- TASK STATEMENT -
Of all the lines below, return only those starting with the line holding "1 bedroom, blackout" and going on through the line holding "2022 Maserati Ghibli Modena Q4", exactly as written.
Start of INFORMATION SHOWN
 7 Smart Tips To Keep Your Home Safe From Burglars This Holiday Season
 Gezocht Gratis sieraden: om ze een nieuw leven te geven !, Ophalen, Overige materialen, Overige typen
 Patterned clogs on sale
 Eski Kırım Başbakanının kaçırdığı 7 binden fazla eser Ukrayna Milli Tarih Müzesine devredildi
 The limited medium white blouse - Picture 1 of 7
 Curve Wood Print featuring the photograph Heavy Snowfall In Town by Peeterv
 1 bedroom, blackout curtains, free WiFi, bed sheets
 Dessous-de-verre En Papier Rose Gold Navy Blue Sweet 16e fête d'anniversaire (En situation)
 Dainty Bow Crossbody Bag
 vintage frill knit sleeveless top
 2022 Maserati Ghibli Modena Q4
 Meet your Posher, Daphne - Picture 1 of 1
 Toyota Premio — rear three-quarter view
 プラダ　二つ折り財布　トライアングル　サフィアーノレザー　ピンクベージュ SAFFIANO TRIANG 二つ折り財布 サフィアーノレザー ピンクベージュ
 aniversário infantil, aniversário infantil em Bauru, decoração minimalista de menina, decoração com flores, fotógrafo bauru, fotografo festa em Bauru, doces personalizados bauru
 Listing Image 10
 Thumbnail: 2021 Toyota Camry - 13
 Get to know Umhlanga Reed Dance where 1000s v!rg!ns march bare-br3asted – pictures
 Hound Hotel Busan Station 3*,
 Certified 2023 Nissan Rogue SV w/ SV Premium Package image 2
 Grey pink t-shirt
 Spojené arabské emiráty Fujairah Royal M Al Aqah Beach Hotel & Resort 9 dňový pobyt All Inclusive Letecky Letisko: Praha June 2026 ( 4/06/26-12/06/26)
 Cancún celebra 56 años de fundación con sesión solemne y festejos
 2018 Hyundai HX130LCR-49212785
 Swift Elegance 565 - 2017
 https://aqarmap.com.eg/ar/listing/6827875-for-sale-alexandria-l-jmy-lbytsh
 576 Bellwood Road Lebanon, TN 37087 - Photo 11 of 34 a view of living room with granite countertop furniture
End of INFORMATION SHOWN
- WRITTEN SOLUTION -
 1 bedroom, blackout curtains, free WiFi, bed sheets
 Dessous-de-verre En Papier Rose Gold Navy Blue Sweet 16e fête d'anniversaire (En situation)
 Dainty Bow Crossbody Bag
 vintage frill knit sleeveless top
 2022 Maserati Ghibli Modena Q4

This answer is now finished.